Mas a crítica de Chomsky vai mais longe, em uma direção que não recebe quase tanta pressão quanto suas acusações de obscurantismo e uso excessivo de jargões isolados. Chomsky afirma que, longe de oferecer modos novos e radicais de conceber o mundo, o pensamento pós-moderno serve como um instrumento de estruturas de poder opressivas. É uma afirmação interessante, dado alguns argumentos recentes de que a “pós-verdade” pós-moderna é responsável pelo aumento do movimento autodenominado “alt-right” e a rápida disseminação de informações falsas como ferramenta para a perpetuação do poder do partido governante nos Estados Unidos:
Não só existe “muita recompensa material”, diz Chomsky, que vem da superestrutura acadêmica que muitos filósofos franceses de alto nível conquistaram espaço, mas suas posições – ou a falta de uma posição clara – “permitem assumir posturas muitos radicais, (…) mas a de serem completamente dissociados de tudo o que está acontecendo.” Chomsky dá um exemplo acima de uma crítica pós-moderna anônima que classificou uma palestra que ele deu como “ingênua” por sua discussão ligada a “coisas antiquadas do Iluminismo” como tomar decisões morais e se referir a tal coisa como “verdade”. Em sua breve discussão sobre “a estranha bolha dos intelectuais franceses” no topo da postagem, Chomsky é mais específico.
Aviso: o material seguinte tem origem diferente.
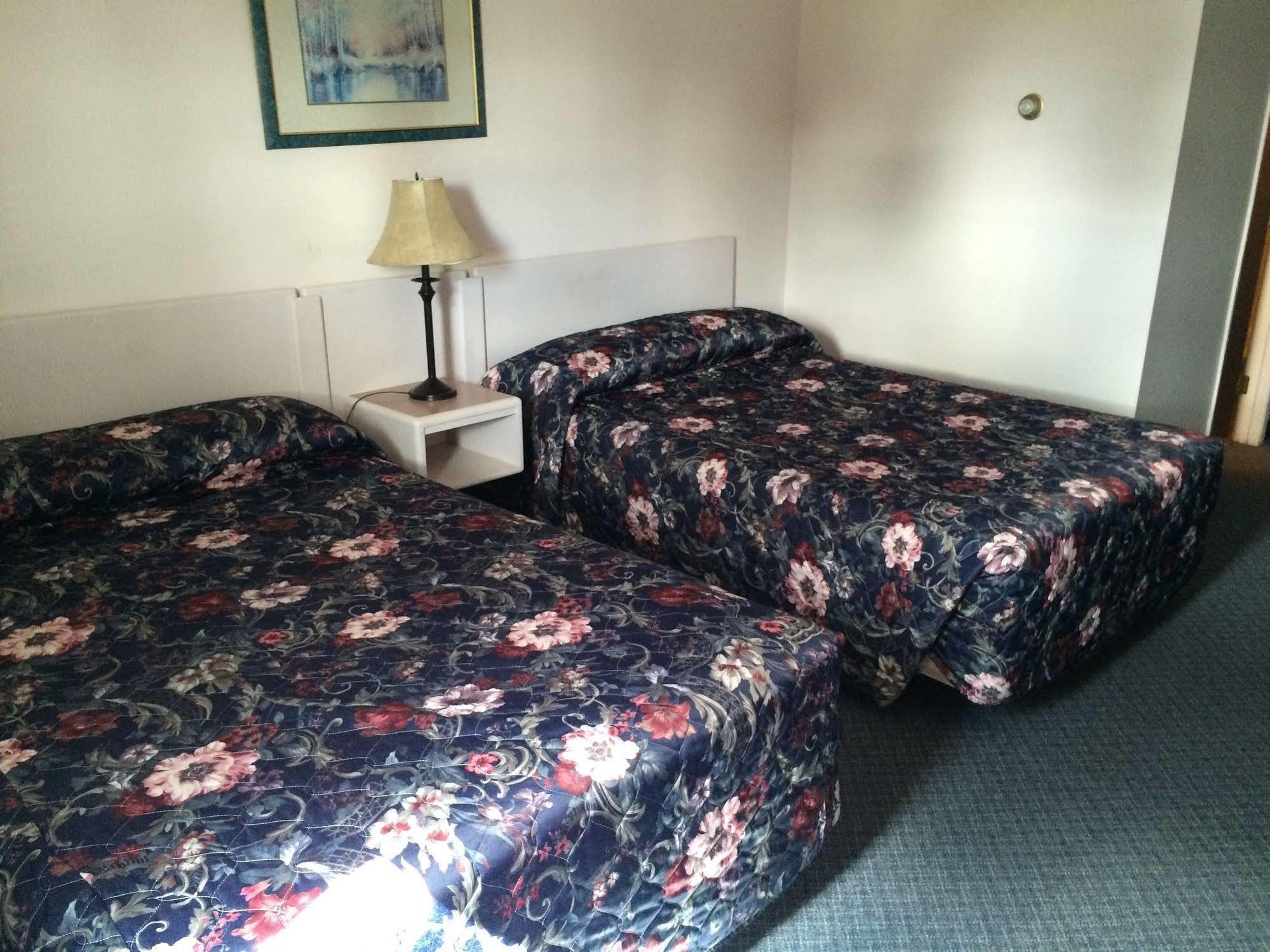 Plains Motor Inn Stettler Εξωτερικό φωτογραφία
A maioria dos filósofos franceses pós-guerra, ele alega, foram stalinistas ou maoístas (ele usa o exemplo de Julia Kristeva) e abraçaram de forma acrítica o comunismo estatal autoritário apesar de seus crimes e abusos documentados, ao mesmo tempo que rejeitam outros modos de pensamento filosófico, como o positivismo lógico, que aceitam a validade do método científico. Isso pode ou não ser uma crítica justa: as orientações políticas mudam com o tempo (e às vezes aceitamos o trabalho de um pensador, rejeitando completamente suas políticas pessoais). E a crítica pós-moderna do discurso científico como forma de poder opressivo é uma crítica séria que não precisaria implicar numa rejeição completa da ciência.
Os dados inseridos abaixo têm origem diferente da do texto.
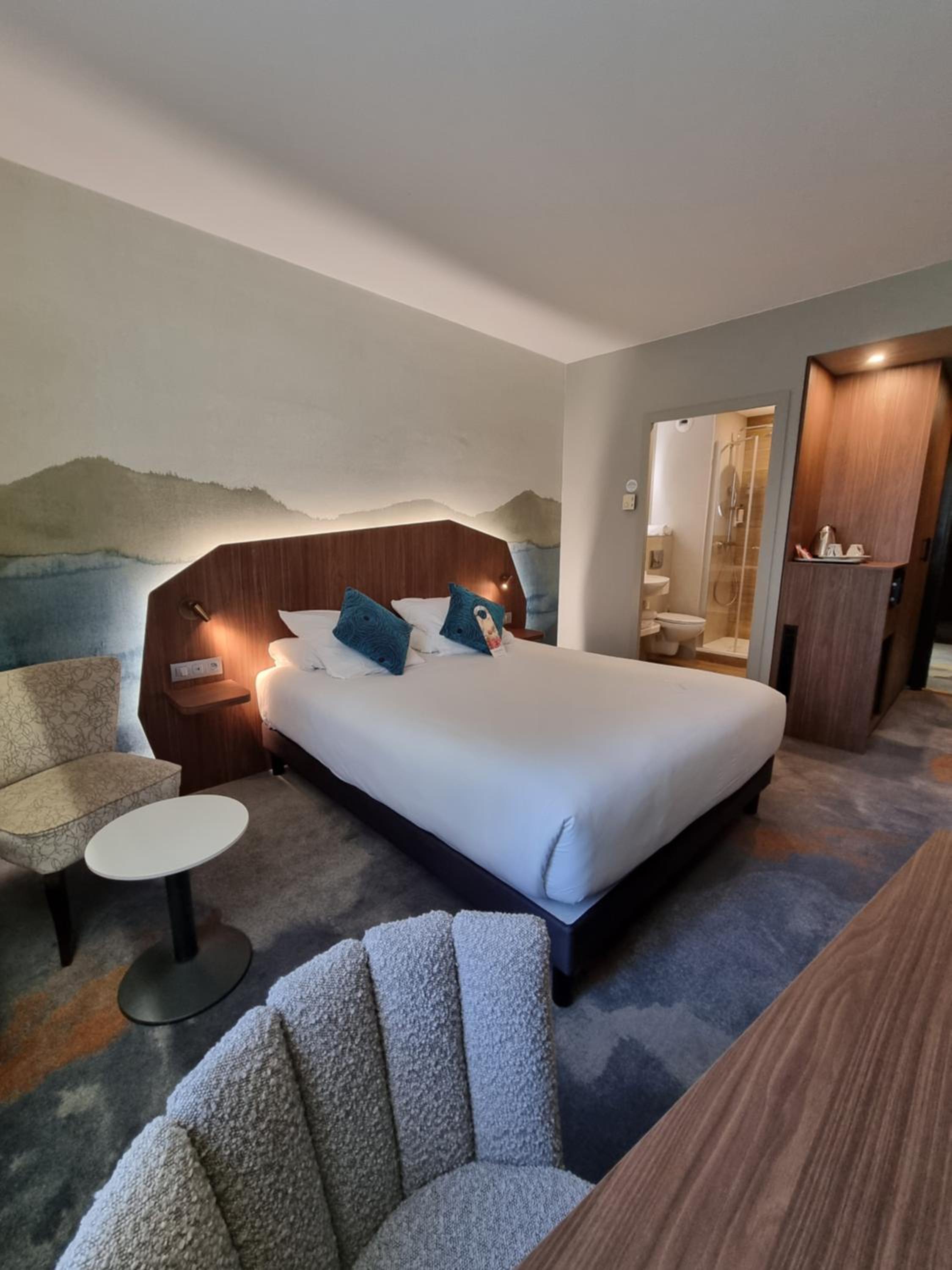 Privilege Room with One King Bed and One Sofa Bed with Balcony - Photo 8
Existem pensadores pós-estruturalistas que Chomsky admira? Embora ele faça uma pequena menção a Michel Foucault no clipe acima, ele e o teórico francês tiveram alguns debates frutíferos, “em questões reais”, diz Chomsky, “e usando uma linguagem perfeitamente compreensível – ele falando francês, eu inglês.” Isso não é uma surpresa. Os dois pensadores, apesar da imensa diferença em seus estilos e quadros de referência, se envolvem fortemente com fontes históricas primárias e ambos, consistentemente, escrevem histórias de ideologia.
É em parte através da interação entre as ideias de Foucault e Chomsky que podemos encontrar uma síntese do pensamento marxista pós-estruturalista francês e da filosofia política anarquista estadunidense. Ao invés de vê-los como astros da luta-livre profissional no ringue, com o pós-moderno como vilão e manchetes como “Chomsky destrói o pós-modernismo“, poderíamos procurar complementaridades e pontos de concordância, e genuinamente ler, por mais difícil que possa ser, vários argumentos dos filósofos franceses pós-modernos (e talvez tentar ler também essa defesa do obscurantismo) antes de decidir com um sinal arrebatador que nenhum deles fazem sentido.